Dataset excerpt:
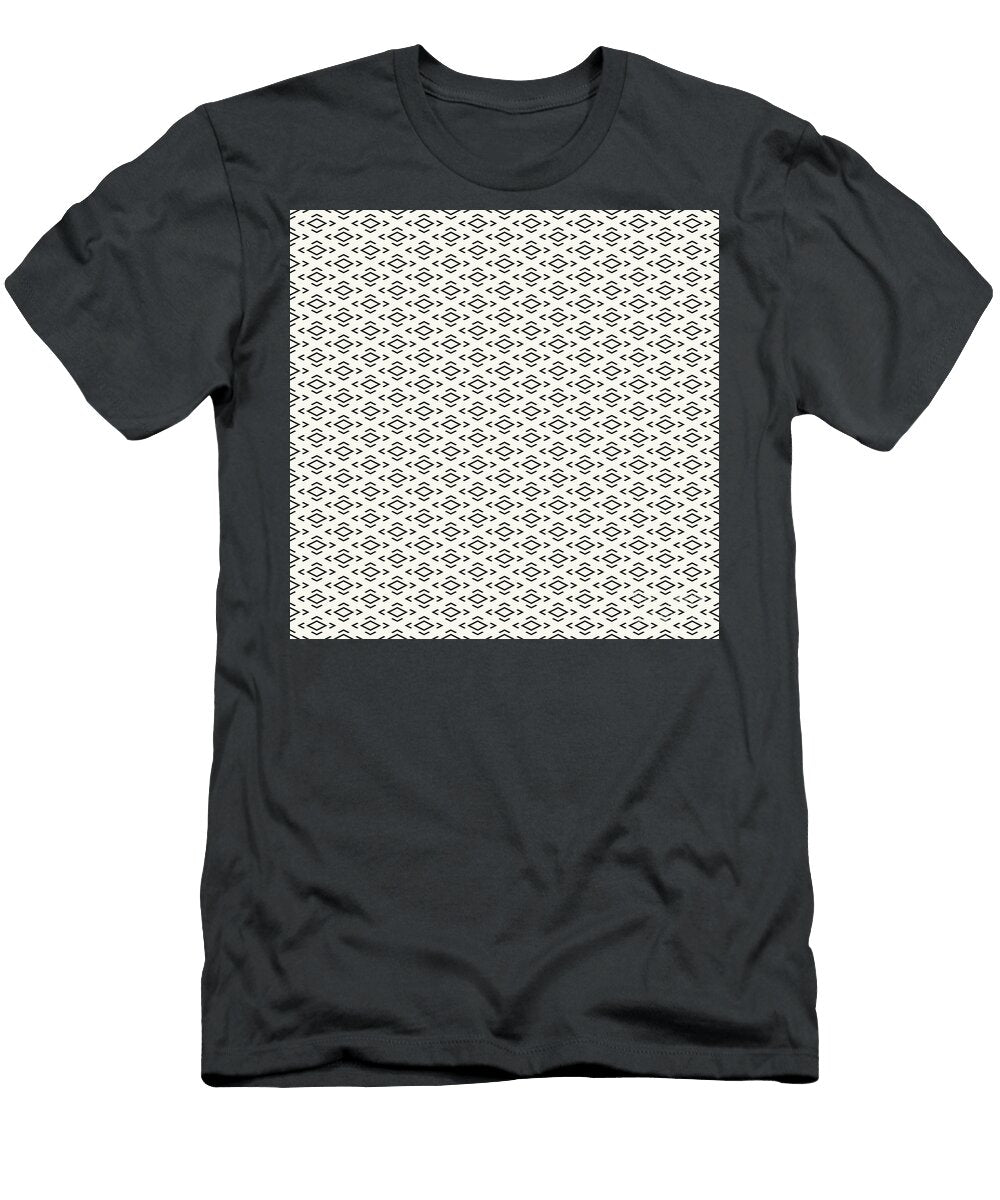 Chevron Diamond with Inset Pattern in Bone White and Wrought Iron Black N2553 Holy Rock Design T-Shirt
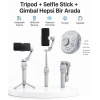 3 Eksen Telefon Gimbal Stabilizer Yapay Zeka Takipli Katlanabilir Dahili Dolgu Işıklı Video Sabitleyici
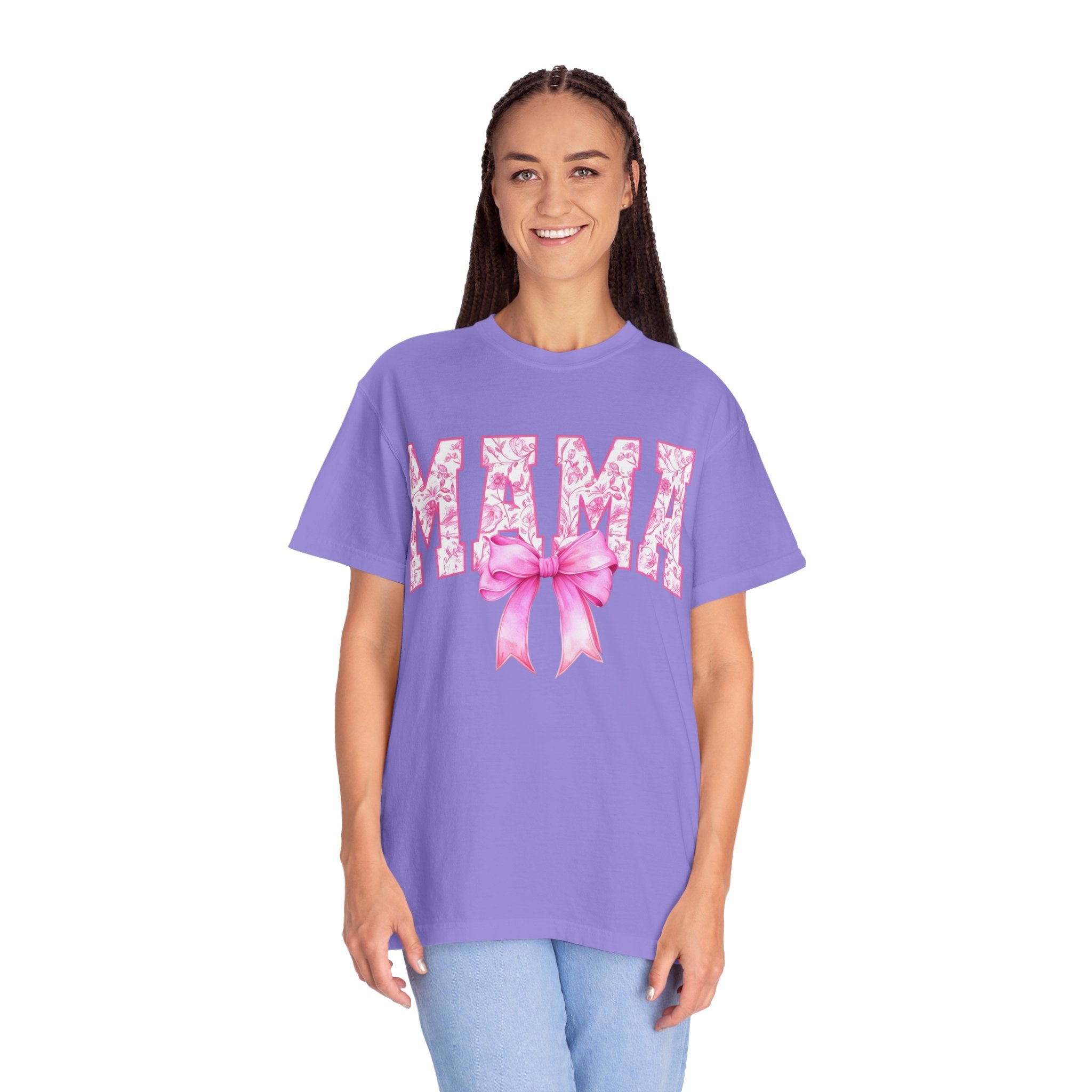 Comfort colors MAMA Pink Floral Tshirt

Task prompt:
Could the material above be given again exactly, pictures excluded?

Solution below:
 Chevron Diamond with Inset Pattern in Bone White and Wrought Iron Black N2553 Holy Rock Design T-Shirt
 3 Eksen Telefon Gimbal Stabilizer Yapay Zeka Takipli Katlanabilir Dahili Dolgu Işıklı Video Sabitleyici
 Comfort colors MAMA Pink Floral Tshirt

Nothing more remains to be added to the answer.